- _Your assignment_: Below are entries; repeat exactly, and nothing else, the lines from the one holding "Let's break down" through the one holding "Now right here, we're", inclusive. Leave the pictures out.

- _Available data_:
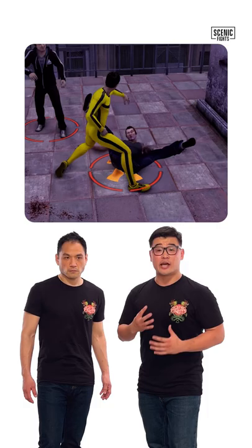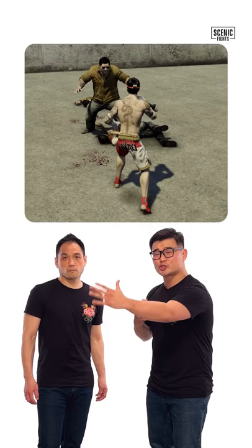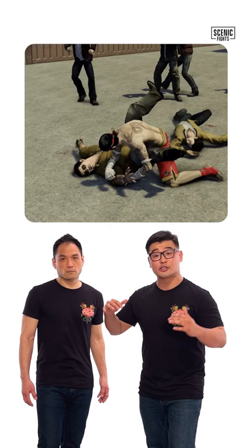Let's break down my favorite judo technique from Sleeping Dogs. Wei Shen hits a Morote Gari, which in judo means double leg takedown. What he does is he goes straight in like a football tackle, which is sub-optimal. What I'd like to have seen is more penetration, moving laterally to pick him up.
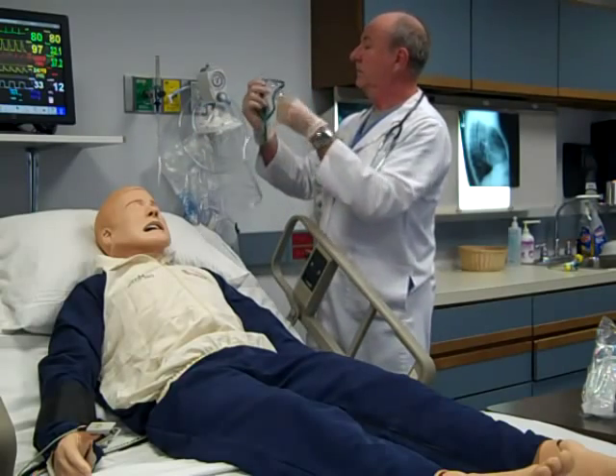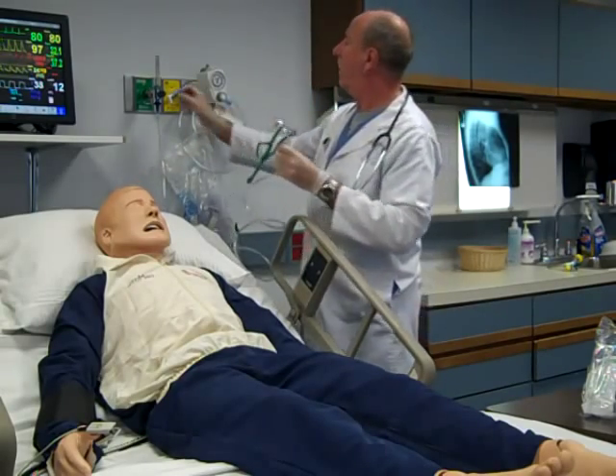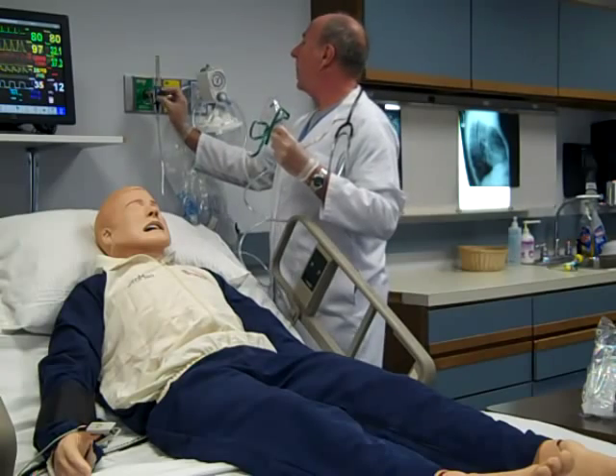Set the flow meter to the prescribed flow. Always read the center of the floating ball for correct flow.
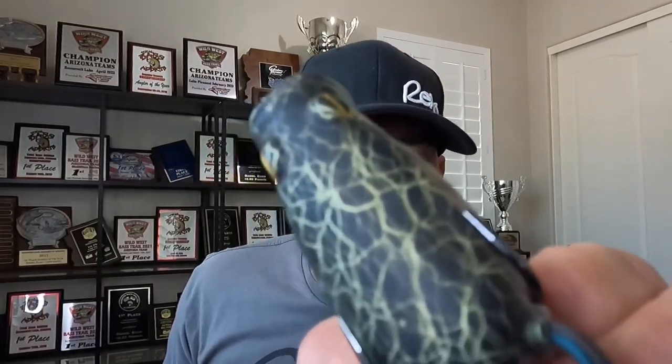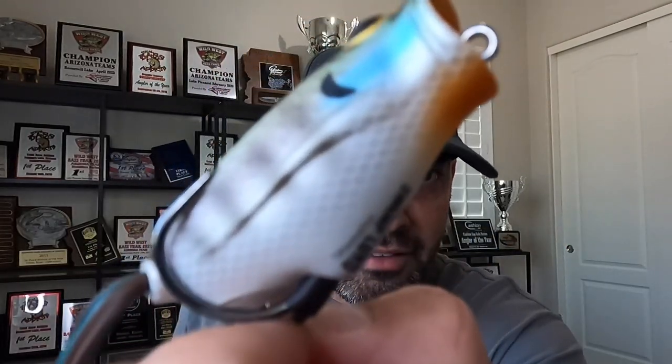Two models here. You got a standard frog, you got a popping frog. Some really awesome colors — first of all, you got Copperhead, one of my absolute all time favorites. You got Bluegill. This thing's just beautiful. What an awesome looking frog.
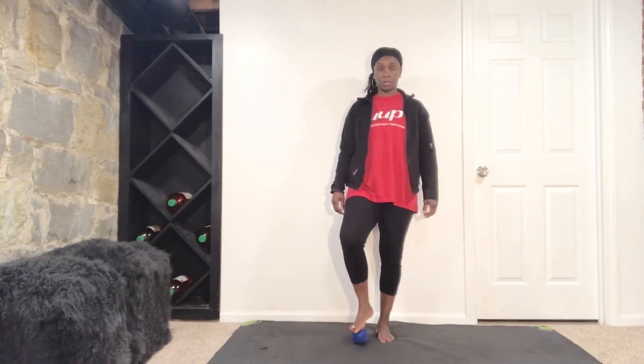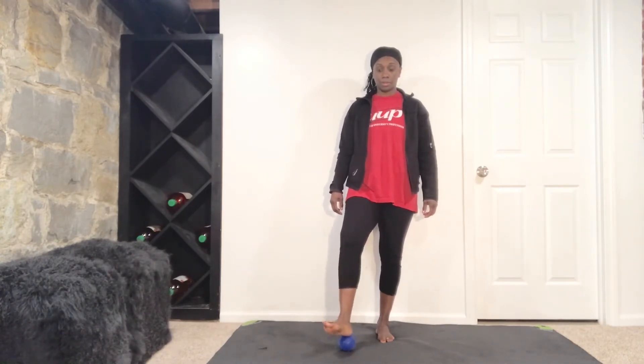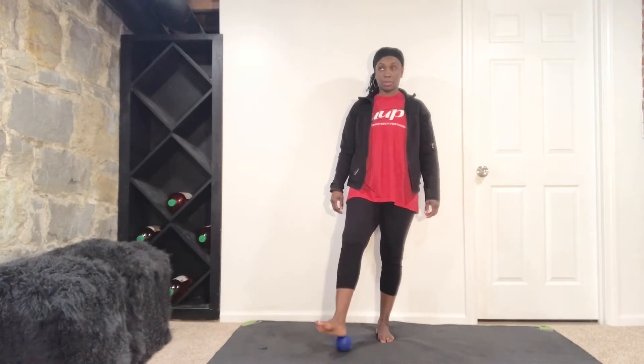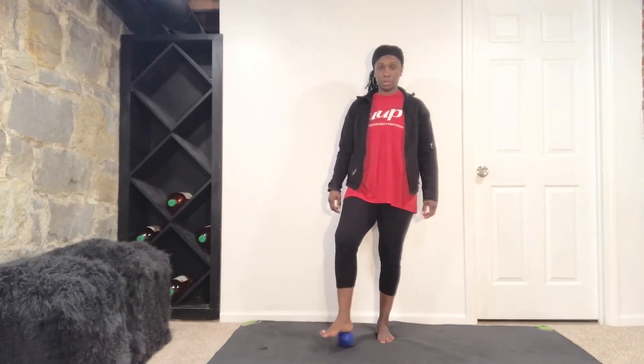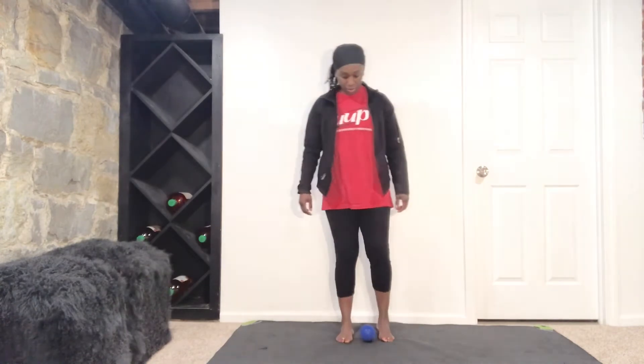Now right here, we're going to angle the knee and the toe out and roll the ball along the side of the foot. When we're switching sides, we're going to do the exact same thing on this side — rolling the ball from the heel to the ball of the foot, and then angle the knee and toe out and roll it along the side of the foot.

--

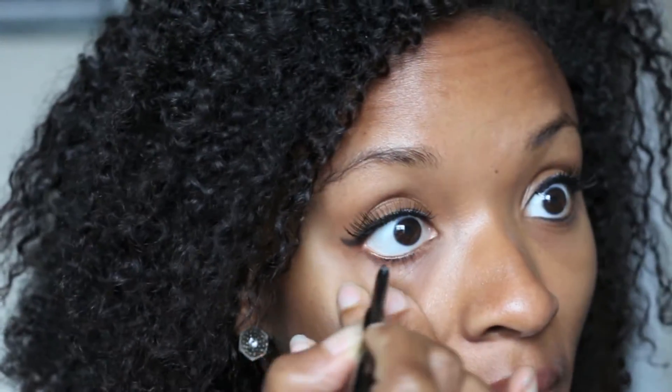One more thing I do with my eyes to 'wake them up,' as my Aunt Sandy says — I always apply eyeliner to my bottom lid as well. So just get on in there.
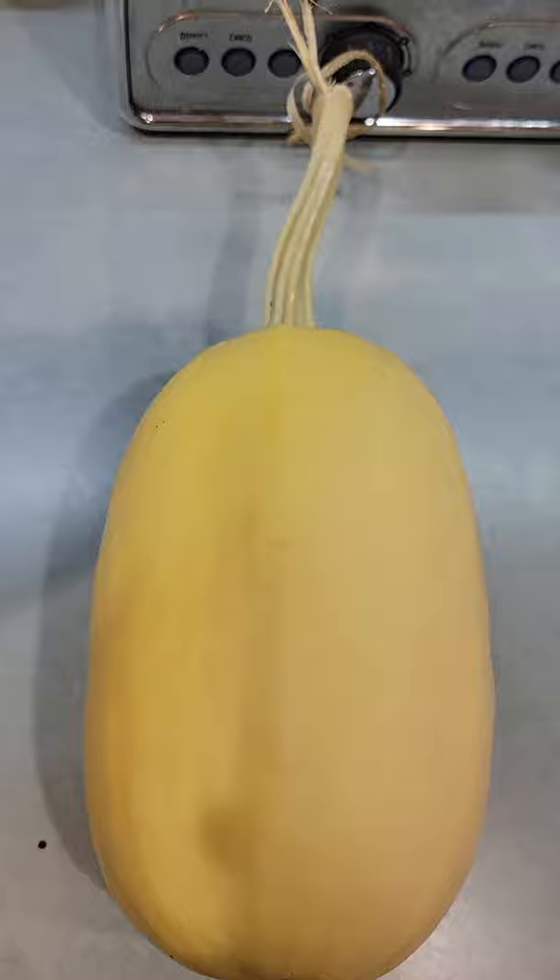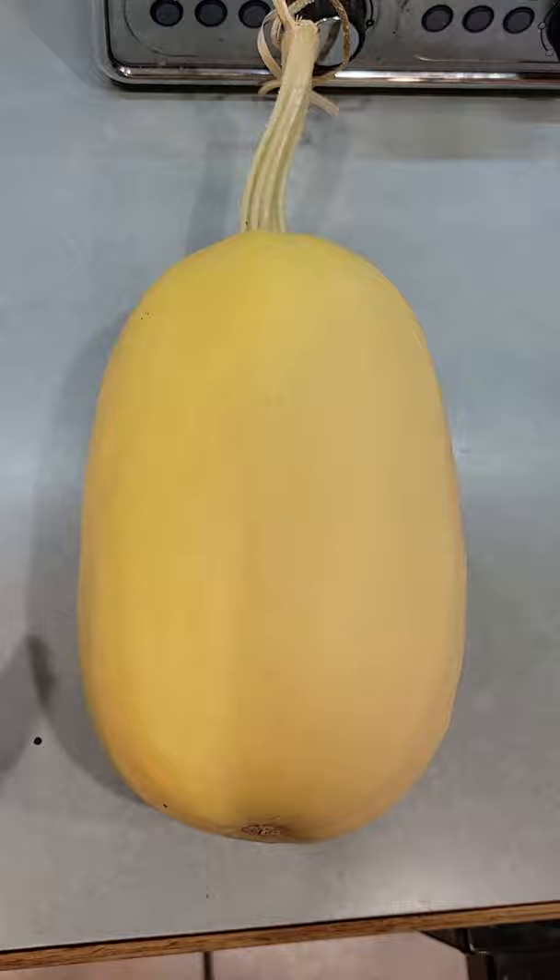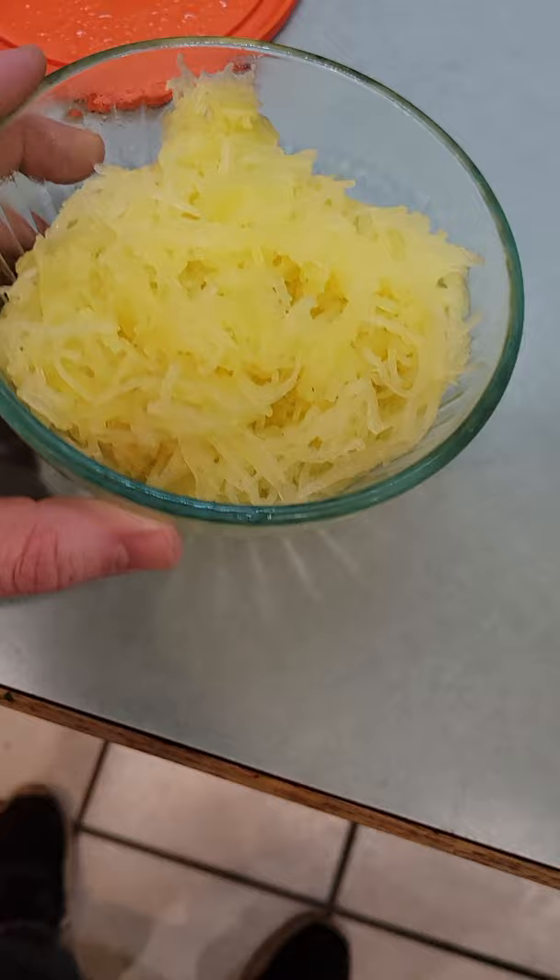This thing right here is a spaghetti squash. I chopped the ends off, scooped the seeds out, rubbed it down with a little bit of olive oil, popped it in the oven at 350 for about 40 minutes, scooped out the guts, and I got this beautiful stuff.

- _Result of this exercise_:
Let's break down my favorite judo technique from Sleeping Dogs. Wei Shen hits a Morote Gari, which in judo means double leg takedown. What he does is he goes straight in like a football tackle, which is sub-optimal. What I'd like to have seen is more penetration, moving laterally to pick him up.
Set the flow meter to the prescribed flow. Always read the center of the floating ball for correct flow.
Two models here. You got a standard frog, you got a popping frog. Some really awesome colors — first of all, you got Copperhead, one of my absolute all time favorites. You got Bluegill. This thing's just beautiful. What an awesome looking frog.
Now right here, we're going to angle the knee and the toe out and roll the ball along the side of the foot. When we're switching sides, we're going to do the exact same thing on this side — rolling the ball from the heel to the ball of the foot, and then angle the knee and toe out and roll it along the side of the foot.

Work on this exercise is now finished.